Paralelamente, tem-se verificado que muitas empresas se disponibilizam para custear a realização de testes de diagnóstico de SARS-CoV-2 aos seus trabalhadores. Assumindo que também os trabalhadores têm interesse em saber se estão ou não infetados e, nessa medida, aderem livremente à sua realização (liberdade essa que, no âmbito da relação laboral, pode estar fragilizada), o que não poderá ocorrer é que os empregadores tenham acesso aos resultados desses testes. No entanto, sabemos que a CNPD tem recebido queixas de trabalhadores que conhecem os resultados dos seus testes pelo empregador, o que afronta as disposições legais em matéria de privacidade dos trabalhadores e de tratamento de dados sensíveis, como são os dados de saúde.

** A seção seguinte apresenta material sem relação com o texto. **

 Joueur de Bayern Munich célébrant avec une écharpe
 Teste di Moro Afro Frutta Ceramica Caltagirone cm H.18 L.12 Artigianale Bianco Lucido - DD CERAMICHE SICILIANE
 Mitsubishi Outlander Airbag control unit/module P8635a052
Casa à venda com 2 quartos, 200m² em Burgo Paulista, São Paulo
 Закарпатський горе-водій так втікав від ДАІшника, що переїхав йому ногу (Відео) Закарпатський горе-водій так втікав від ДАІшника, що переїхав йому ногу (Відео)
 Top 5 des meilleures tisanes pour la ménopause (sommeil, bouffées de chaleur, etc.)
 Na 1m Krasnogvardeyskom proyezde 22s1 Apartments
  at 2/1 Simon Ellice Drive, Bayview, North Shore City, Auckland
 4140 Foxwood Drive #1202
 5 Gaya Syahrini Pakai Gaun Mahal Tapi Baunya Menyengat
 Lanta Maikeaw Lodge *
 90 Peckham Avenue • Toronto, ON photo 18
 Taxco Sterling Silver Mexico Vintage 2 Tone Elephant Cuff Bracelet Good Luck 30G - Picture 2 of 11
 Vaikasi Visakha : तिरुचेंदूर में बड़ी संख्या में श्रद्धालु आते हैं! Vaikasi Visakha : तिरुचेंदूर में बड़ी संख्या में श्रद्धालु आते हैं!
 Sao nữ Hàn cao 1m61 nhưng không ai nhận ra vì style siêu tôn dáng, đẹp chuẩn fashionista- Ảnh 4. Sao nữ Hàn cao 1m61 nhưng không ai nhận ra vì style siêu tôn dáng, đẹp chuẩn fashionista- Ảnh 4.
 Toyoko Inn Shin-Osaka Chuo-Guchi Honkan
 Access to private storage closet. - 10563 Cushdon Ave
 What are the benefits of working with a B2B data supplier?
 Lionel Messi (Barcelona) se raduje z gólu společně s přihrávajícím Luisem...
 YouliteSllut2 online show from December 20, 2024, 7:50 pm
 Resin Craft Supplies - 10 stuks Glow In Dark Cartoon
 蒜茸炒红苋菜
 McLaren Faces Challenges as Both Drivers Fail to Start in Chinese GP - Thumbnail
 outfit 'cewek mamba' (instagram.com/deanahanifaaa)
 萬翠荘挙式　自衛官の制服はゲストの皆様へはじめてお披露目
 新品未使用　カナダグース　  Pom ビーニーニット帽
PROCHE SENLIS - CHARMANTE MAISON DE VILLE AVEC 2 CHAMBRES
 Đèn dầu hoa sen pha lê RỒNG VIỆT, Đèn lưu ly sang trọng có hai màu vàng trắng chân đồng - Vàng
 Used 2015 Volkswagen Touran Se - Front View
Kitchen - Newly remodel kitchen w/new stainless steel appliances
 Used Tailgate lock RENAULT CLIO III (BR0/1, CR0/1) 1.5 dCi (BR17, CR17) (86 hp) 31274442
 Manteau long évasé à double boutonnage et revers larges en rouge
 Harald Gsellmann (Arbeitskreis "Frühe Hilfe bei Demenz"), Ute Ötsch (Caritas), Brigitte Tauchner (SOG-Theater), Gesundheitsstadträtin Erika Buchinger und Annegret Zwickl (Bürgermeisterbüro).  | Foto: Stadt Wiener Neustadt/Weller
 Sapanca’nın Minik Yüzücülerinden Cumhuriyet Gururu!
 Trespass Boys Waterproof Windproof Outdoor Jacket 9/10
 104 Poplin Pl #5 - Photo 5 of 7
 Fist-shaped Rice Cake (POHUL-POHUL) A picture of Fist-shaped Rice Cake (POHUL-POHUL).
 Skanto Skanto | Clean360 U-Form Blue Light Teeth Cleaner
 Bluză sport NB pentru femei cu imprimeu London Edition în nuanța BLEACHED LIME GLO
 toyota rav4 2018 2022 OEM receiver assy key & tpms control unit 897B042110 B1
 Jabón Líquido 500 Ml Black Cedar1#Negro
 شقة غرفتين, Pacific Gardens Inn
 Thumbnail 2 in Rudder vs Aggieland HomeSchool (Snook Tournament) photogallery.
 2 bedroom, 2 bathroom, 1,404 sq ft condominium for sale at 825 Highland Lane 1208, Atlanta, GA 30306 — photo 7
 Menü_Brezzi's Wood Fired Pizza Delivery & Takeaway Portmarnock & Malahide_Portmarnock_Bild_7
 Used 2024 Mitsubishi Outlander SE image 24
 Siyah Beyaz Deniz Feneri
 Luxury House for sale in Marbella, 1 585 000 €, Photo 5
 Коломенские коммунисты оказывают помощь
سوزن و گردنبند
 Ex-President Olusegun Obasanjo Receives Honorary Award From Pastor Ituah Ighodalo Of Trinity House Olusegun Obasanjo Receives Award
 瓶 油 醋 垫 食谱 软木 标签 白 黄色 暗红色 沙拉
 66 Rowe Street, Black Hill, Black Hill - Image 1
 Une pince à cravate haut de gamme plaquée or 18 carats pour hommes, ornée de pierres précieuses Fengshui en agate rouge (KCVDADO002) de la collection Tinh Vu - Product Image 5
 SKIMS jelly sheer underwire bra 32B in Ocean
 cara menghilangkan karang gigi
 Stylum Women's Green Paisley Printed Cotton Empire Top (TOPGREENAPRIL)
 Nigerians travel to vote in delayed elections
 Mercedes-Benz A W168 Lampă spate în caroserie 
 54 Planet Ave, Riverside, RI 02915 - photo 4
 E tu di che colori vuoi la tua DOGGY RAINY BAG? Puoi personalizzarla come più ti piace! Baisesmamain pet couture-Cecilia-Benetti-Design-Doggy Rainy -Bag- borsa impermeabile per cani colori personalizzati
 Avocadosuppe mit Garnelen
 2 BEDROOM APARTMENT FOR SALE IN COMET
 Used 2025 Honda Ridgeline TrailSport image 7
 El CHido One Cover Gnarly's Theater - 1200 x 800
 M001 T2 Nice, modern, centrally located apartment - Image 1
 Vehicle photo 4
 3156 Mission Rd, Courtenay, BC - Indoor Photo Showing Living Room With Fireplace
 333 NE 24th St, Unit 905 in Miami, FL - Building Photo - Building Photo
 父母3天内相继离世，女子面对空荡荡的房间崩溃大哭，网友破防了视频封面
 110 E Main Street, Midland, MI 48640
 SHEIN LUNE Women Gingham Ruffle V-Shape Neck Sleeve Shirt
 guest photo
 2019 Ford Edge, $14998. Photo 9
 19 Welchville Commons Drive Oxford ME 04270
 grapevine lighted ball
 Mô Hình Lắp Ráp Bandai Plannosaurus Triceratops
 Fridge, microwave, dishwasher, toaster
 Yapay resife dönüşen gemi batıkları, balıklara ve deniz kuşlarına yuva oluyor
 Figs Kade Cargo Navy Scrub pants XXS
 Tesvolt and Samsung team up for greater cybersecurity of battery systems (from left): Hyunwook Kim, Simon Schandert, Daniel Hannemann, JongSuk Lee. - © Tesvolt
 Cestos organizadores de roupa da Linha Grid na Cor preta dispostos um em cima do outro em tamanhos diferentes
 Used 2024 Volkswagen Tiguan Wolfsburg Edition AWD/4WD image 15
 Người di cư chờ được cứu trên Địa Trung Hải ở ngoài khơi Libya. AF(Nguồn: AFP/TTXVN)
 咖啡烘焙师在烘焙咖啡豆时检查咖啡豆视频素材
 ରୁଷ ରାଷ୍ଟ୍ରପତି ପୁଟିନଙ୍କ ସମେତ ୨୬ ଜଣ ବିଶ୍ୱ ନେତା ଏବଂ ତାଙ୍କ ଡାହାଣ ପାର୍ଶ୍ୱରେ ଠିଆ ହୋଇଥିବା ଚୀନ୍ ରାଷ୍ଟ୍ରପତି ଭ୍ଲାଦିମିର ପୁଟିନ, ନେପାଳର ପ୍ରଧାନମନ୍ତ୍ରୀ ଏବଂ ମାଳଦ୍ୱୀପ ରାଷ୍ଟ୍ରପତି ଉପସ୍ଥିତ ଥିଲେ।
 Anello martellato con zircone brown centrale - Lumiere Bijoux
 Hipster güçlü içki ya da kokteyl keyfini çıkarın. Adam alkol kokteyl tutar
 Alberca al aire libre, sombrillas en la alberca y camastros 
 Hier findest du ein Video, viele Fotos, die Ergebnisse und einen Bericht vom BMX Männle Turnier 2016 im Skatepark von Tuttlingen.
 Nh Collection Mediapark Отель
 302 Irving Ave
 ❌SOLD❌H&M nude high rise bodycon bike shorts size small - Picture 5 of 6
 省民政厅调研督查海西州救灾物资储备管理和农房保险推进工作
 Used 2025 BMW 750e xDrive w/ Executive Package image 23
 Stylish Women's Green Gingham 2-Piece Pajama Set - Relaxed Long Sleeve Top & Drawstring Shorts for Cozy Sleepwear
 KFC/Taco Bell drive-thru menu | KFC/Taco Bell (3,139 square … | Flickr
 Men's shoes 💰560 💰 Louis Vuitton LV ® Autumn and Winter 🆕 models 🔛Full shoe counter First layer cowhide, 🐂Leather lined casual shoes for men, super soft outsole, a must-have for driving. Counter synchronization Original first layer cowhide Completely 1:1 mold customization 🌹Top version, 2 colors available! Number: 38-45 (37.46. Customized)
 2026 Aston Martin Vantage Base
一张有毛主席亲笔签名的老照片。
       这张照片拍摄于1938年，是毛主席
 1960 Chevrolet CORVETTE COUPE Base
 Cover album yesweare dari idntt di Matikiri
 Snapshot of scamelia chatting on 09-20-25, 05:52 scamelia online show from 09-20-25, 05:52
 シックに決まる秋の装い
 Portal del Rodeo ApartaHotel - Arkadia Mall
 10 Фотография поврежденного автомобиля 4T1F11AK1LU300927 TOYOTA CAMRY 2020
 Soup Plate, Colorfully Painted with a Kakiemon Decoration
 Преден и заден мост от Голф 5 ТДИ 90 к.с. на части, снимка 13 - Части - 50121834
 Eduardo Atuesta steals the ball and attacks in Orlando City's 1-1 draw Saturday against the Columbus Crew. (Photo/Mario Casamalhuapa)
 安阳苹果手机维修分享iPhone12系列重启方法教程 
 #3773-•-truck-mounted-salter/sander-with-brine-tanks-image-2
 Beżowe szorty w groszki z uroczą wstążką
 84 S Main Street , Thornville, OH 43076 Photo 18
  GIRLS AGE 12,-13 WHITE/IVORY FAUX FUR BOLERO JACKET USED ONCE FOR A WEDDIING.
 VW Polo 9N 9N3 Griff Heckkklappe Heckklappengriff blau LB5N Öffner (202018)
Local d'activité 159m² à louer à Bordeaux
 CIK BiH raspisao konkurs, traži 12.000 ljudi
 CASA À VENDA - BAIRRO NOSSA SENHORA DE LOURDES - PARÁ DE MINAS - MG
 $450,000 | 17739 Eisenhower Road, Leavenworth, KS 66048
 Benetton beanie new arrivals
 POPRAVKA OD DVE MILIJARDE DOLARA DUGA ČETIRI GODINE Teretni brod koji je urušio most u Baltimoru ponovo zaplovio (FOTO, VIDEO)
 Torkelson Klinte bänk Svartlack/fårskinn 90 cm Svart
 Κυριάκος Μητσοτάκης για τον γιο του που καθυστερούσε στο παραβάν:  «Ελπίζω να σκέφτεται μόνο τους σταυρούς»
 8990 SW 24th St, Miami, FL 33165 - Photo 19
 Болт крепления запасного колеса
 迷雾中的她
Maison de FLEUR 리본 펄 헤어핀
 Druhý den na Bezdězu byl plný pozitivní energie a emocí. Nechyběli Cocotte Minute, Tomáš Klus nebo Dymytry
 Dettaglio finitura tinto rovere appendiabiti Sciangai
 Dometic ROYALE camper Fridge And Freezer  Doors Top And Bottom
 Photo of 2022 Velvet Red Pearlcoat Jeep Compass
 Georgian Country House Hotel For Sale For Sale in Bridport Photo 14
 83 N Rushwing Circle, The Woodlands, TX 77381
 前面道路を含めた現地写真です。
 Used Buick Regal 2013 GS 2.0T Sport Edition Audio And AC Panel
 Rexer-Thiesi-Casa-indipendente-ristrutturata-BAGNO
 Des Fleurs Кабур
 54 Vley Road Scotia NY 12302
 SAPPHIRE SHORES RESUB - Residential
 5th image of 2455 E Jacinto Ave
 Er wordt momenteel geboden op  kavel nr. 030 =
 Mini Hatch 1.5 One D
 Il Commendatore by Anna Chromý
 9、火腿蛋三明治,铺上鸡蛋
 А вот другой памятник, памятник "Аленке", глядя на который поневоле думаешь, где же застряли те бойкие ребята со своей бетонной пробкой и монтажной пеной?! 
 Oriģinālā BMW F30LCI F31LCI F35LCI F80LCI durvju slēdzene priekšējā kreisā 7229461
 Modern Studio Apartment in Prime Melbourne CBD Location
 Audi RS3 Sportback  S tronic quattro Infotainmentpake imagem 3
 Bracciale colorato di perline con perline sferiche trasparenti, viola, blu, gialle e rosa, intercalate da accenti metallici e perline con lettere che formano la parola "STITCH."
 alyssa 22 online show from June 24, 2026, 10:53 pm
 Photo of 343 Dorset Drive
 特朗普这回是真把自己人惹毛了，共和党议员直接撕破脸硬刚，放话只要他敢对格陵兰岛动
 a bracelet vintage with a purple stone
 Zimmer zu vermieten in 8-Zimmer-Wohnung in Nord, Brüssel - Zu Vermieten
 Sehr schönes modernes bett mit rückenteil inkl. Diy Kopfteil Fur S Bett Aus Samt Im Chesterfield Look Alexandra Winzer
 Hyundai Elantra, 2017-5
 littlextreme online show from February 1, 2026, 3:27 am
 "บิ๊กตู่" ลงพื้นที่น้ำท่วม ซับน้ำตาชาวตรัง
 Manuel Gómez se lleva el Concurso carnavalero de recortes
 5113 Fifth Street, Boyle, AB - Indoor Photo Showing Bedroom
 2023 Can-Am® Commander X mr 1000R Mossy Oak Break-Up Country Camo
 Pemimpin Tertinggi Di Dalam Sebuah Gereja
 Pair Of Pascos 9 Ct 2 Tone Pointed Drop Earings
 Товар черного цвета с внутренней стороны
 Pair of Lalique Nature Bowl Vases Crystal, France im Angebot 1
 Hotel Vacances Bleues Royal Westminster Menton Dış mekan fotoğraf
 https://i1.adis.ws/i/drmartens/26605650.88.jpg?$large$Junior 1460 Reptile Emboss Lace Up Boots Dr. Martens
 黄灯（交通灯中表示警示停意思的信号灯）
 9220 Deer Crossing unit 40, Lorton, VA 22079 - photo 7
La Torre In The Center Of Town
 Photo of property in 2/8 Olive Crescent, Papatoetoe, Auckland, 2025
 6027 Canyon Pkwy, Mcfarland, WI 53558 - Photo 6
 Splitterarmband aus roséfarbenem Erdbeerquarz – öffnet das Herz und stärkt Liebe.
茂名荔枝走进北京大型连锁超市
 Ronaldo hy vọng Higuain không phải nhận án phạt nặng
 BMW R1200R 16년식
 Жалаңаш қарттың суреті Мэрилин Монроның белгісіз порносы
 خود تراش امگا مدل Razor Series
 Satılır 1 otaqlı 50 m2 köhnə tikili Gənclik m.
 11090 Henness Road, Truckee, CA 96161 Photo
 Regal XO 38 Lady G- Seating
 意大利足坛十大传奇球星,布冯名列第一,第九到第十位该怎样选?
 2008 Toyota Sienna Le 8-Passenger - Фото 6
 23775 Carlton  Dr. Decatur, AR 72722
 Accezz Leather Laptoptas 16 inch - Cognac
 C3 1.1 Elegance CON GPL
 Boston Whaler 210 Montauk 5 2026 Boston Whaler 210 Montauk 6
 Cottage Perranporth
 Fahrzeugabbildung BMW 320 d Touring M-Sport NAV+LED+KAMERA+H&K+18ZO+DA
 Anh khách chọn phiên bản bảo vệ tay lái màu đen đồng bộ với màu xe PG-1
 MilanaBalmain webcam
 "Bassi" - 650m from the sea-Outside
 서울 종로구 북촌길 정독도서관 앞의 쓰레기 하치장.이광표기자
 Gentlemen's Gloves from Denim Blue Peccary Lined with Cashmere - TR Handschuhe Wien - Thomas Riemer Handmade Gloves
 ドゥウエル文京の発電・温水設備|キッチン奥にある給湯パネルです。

Alguns empregadores têm vindo a conduzir questionários periódicos relativos não só a sintomas de covid-19 (febre, tosse, …), como também sobre as últimas viagens realizadas pelos trabalhadores e respetivas datas, por vezes incluindo questões relativas ao agregado familiar e a outros contactos. Estas práticas comprimem, uma vez mais, o direito à reserva da intimidade dos trabalhadores, sendo imperativo que as informações (adicionais) relativas à saúde, mesmo quando se admita a sua solicitação pelo empregador, o seja por intermédio de médico.
Não há dúvidas de que o objetivo, quer do legislador, quer dos empregadores, com a adoção destas e de outras medidas (como seja a implementação de aplicações móveis do tipo StayAway Covid a um nível empresarial) é bem-intencionado, visando, no mais das vezes, salvaguardar a saúde dos trabalhadores e criar um ambiente de confiança e de tranquilidade nas empresas. No entanto, urge avaliar como acomodamos a privacidade e a proteção dos dados pessoais durante esta crise pandémica, sob pena de criarmos perigosos precedentes.
A profilaxia no âmbito laboral não deverá colidir com os direitos de personalidade dos trabalhadores.